Me miró con una serenidad que me dolió más que cualquier reproche.

—El manuscrito no es un ataque —dijo—. Es una puerta. Pero recuerda: no todas las puertas deberían abrirse.

—¿Y si ya lo hice?

Su media sonrisa fue como una cicatriz.

—Entonces prepárate. Porque una vez que ves lo que hay al otro lado... ya no puedes fingir que no lo viste.

Y se fue.

Bajo la lluvia fina, intacta en su perfección inalcanzable.

Su frase me persiguió hasta casa.

"No todo lo que se oculta es mentira. A veces, es amor mal contado."

La repetía mientras lavaba una taza que no necesitaba lavar.

El manuscrito seguía guardado. Respiraba bajo la madera del cajón, como una herida aún abierta.

Hasta que no pude más.

Abrí la carpeta.

Página ochenta. Navidad.

"Ella no lloró frente a él.

Porque sabía que, si lo hacía, él iba a sostenerla.

Y no quería que la sostuviera.

Quería que la eligiera."

Cerré el manuscrito de golpe. El sonido fue seco. Brutal.

La imagen me asaltó sin piedad: Leonardo, aquella noche helada, sentado junto a mí, su mano temblando apenas antes de rozar mi nuca. Un toque suspendido. Un permiso silencioso.

Yo lo sentí. Lo supe.

Me había elegido.

Y aun así... al amanecer, todo volvió a ser normal.
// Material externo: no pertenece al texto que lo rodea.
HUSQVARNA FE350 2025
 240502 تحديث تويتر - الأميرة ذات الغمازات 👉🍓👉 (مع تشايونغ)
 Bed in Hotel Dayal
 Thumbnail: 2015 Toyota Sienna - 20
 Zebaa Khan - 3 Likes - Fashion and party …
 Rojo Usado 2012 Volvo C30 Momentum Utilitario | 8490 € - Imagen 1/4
Fingimos.

Fingí.

Tomé el bolso y salí.

Solo había una persona que podía ayudarme a entender esto.

Alonso.

Marqué su número casi sin pensarlo.

—¿Clara? —su voz fue esa manta olvidada en el fondo de un clóset, que aún conservaba el olor de casa.

—Necesito que leas algo.

—¿Tiene que ver con Leonardo?

—Conmigo —dije—. Con todo.

Su casa me recibió como siempre: olor a té, madera crujiente, libros apilados como castillos vencidos.

Extendí el manuscrito sobre la mesa, señalando la página.

Me alejé.

Alonso leyó en silencio. Línea por línea.

Mis anotaciones en los márgenes eran cicatrices a la vista: "Demasiado preciso." "No debería saberlo."

Cuando cerró el manuscrito, lo hizo como quien cierra un féretro.

—¿No has pensado que quizá… sí fue Leonardo?

Negué, sin pensarlo.

—Él no se victimiza. Ni siquiera cuando debería.

—¿Y si alguien más sí lo ve así?

El silencio se espesó entre nosotros.

Me miró, y en su mirada había algo que no supe nombrar: compasión, miedo, o tal vez... advertencia.

—Martina dijo que lo arriesgó todo por mí. ¿Tú sabías eso?

—No —respondió.

Pero su cuerpo dudó.

Por primera vez, entendí que quizá... la historia que había creído conocer no era la única.

—¿Puedo quedarme con el manuscrito unos días? —preguntó Alonso, midiendo cada palabra como quien camina sobre hielo fino.

Asentí.

—Cuídalo —dije—. Es lo más cerca que he estado de entenderlo todo.

Me acerqué a la puerta.

—Clara… —su voz me detuvo.

Me giré.

—Ten cuidado con lo que buscas —advirtió, con una calma de plomo—.

Algunas verdades no saben quedarse quietas.